The first time I was making a left turn. As I was making the turn I heard a car honk behind me. I looked behind me and watched a car speed by, the driver yelling something out his window. When he was stopped at the next traffic light I took a picture of his car and license plate, which in retrospect was a bad idea. He got out of his car and stared at me, then got back in and took my picture with his phone (I let him do so and smiled and waved). I then tried to calmly talk to him when he was back in his car but he just screamed something to the effect that I should get out of the road.

The second time I was biking down a road with a parking lane that was completely empty except for one parked car about 200 feet ahead. I took the right edge of the travel lane so I wouldn’t have to swerve back in to avoid the parked car. A truck passed me with very little room on my left side, so I instinctively yelled, “Hey!” It wasn’t until after the truck passed that I noticed that it was a Cambridge police wagon. The officer stopped, rolled down his window, and yelled, “Get out of the middle of the road!” I didn’t want to argue so I apologized and said I wouldn’t do that. The officer drove off, but I was shaken by the incident.
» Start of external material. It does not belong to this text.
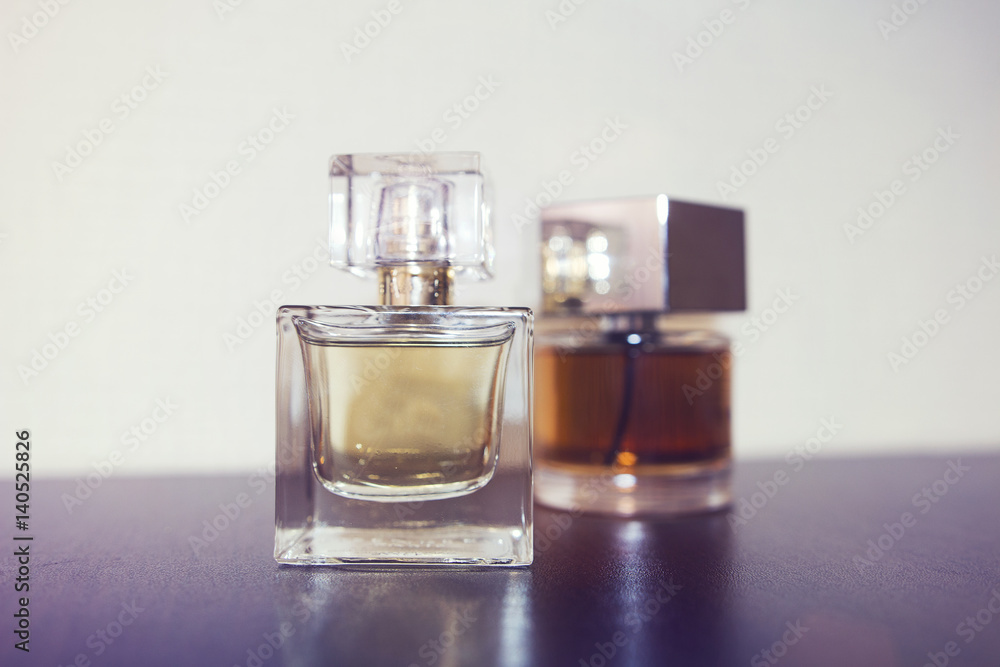 Two bottles of perfume on the table. Two bottles of perfume on the table.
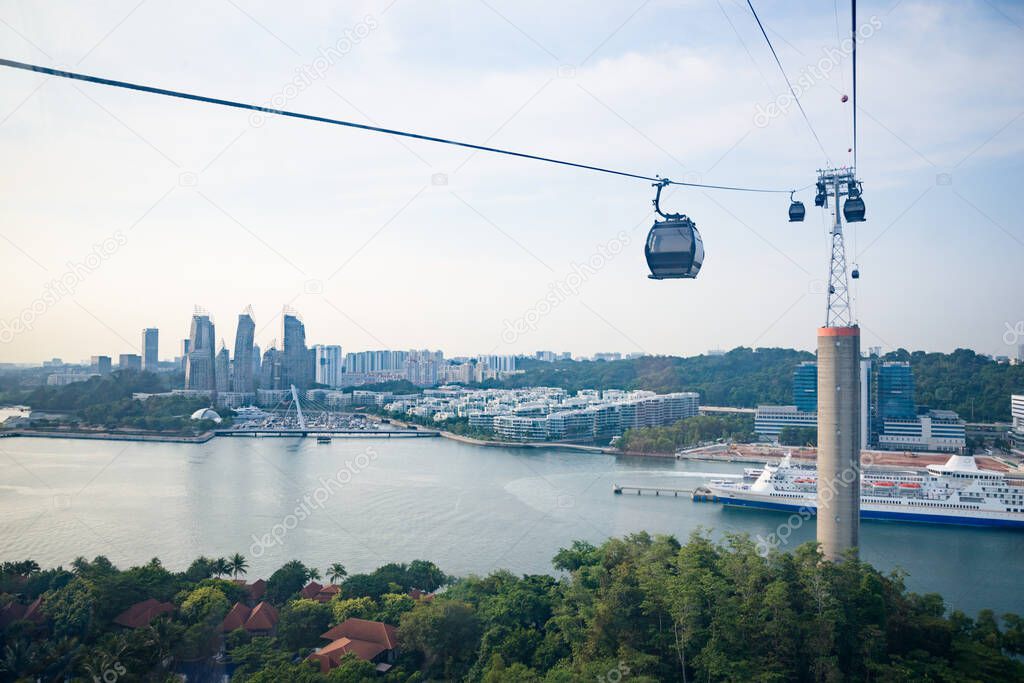 Singapore - 4 Sep 2019: a cable car passes over Sentosa island, with views on Faber Hill, VivoCity, the Marina and the port in Singapore.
I’m beginning to realize that it’s not a good idea to engage motorists like this. From reading these previous threads it seems like I need to ride more defensively and take the lane. Assuming I do this and follow traffic rules, what should I do the next time a vehicle passes me too close or is otherwise belligerent towards me?

In addition, after these incidents I tend to obsess over them and replay them in my head wondering what I could have done differently. What’s the best way to stop this and make myself realize that I should just let the issue go?
posted by komilnefopa to Travel & Transportation around Boston, MA (18 answers total) 9 users marked this as a favorite
 
You will never win a battle in road rage against a motor vehicle, and that's doubly true in Boston/Cambridge. We're notoriously rude drivers, and for some reason, many in this area (which has a lot of bicyclists) are horrible to people on bikes.

Try to adopt a "flag it and move on" attitude, only the flagging happens exclusively in your own head.
posted by xingcat at 7:21 PM on June 7, 2011 [1 favorite]


Can you post links to these locations on Google Maps? It's a bit hard to visualize what was going on.

You can't control other people's behavior, only your own. When someone does something dangerous or rude, escalating is not a great idea.
posted by grouse at 7:24 PM on June 7, 2011


Response by poster: The left turn was from Albany St. onto Portland St. The incident with the police truck was nearby, heading south on Portland St. (These are both street view links.) Imagine a car parked in the distance before the intersection in that picture.
posted by komilnefopa at 7:32 PM on June 7, 2011


You've seen this, right?

Don't fuck with people in vehicles when you're on a bike. Do not screech at them, flip them the bird, or take their pictures. They're assholes and you will never win. You being in the right has nothing to do with the outcome.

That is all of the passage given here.